# [Dataset section]
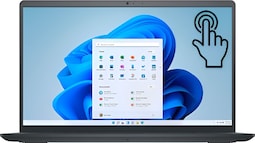 Laptop Dell 15.6" Táctil Amd Ryzen 7 7730u 8gb Ram 512gb Ssd Windows 11 Negro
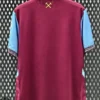 West Ham United 2026/27 Home Jersey Fan Version - Back View West Ham United 2026/27 Home Jersey Fan Version - Back View | KFCOOL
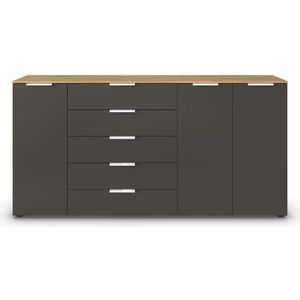 Sideboard  ¦ holzfarben ¦ Maße (cm): B: 199 H: 100 Kommoden & Sideboards > Sideboards - Höffner
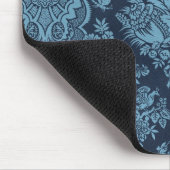 Vintage-Blumendesign - Mauspad (Ecke)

# [Task]
Pictures aside, the material must be written out word for word.

# [Solution]
 Laptop Dell 15.6" Táctil Amd Ryzen 7 7730u 8gb Ram 512gb Ssd Windows 11 Negro
 West Ham United 2026/27 Home Jersey Fan Version - Back View West Ham United 2026/27 Home Jersey Fan Version - Back View | KFCOOL
 Sideboard  ¦ holzfarben ¦ Maße (cm): B: 199 H: 100 Kommoden & Sideboards > Sideboards - Höffner
 Vintage-Blumendesign - Mauspad (Ecke)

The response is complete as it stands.